# Given information
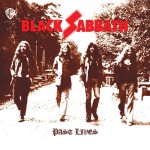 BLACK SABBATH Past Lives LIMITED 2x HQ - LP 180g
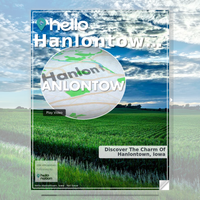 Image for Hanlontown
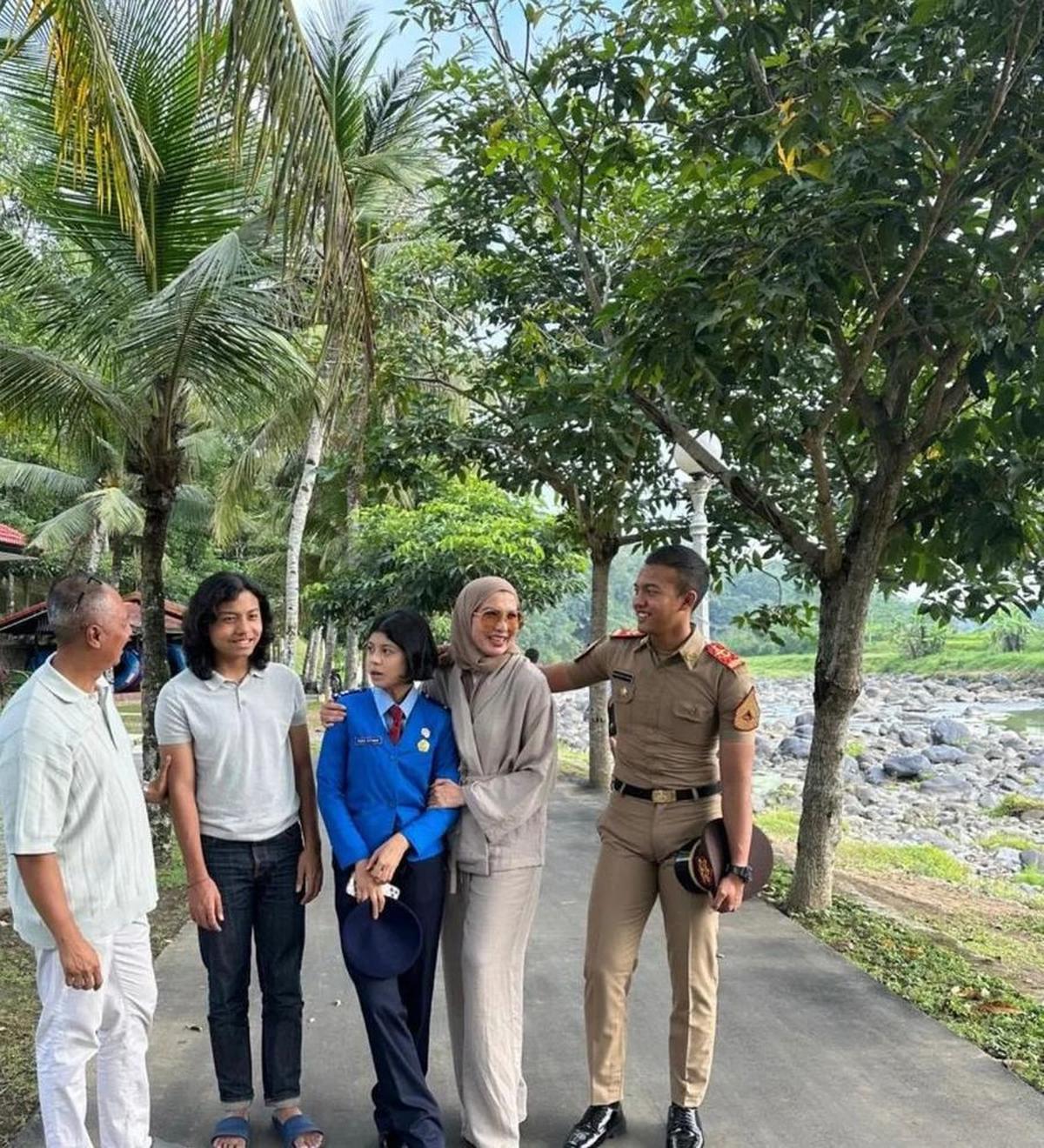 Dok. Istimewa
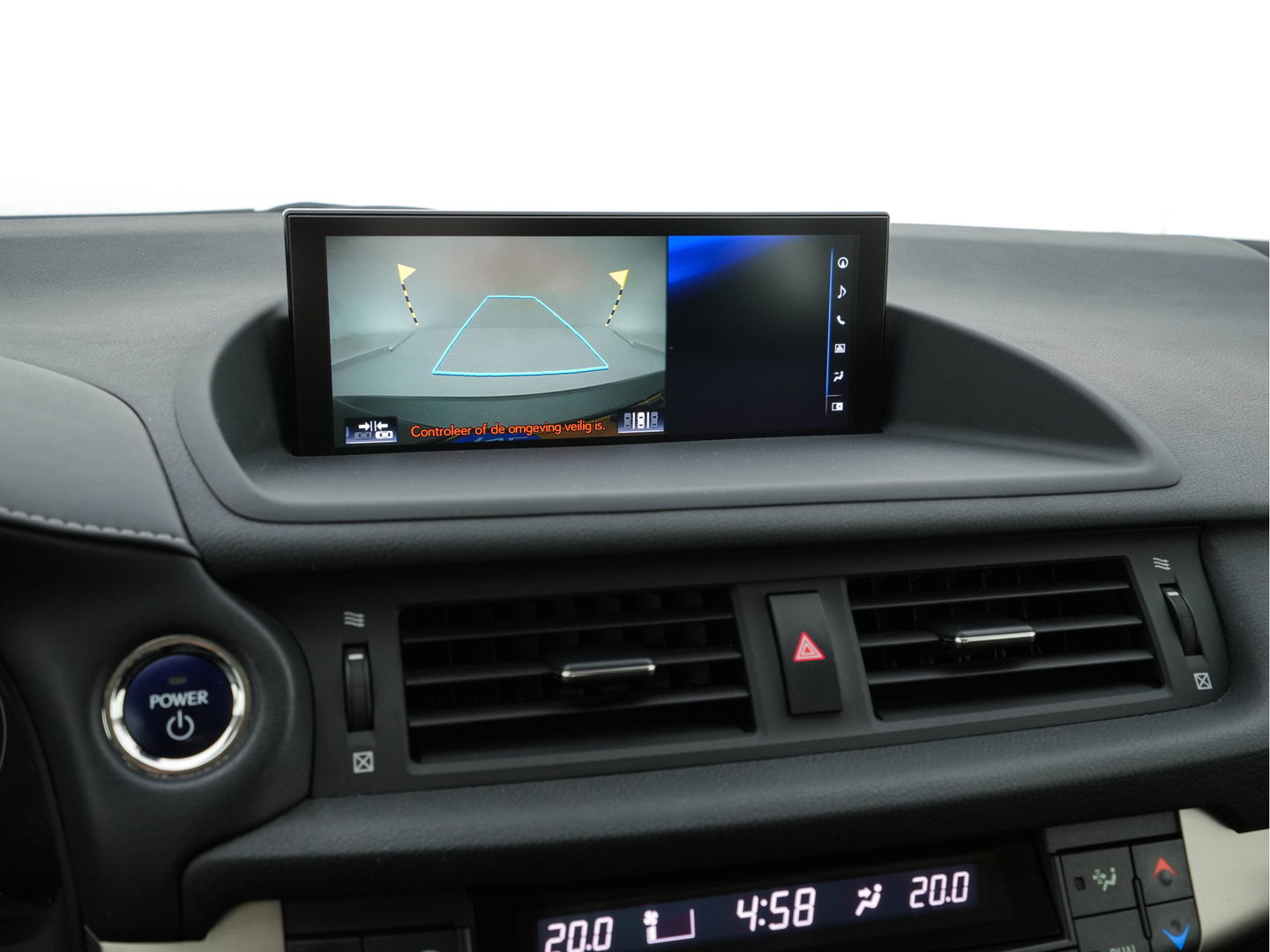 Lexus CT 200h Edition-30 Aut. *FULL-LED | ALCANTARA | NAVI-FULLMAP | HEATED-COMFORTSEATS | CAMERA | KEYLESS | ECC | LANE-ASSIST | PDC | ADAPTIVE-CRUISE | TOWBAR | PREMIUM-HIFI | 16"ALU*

# What you have to do
The expected answer is the data retyped exactly, without pictures.

# Exercise response
 BLACK SABBATH Past Lives LIMITED 2x HQ - LP 180g
 Image for Hanlontown
 Dok. Istimewa
 Lexus CT 200h Edition-30 Aut. *FULL-LED | ALCANTARA | NAVI-FULLMAP | HEATED-COMFORTSEATS | CAMERA | KEYLESS | ECC | LANE-ASSIST | PDC | ADAPTIVE-CRUISE | TOWBAR | PREMIUM-HIFI | 16"ALU*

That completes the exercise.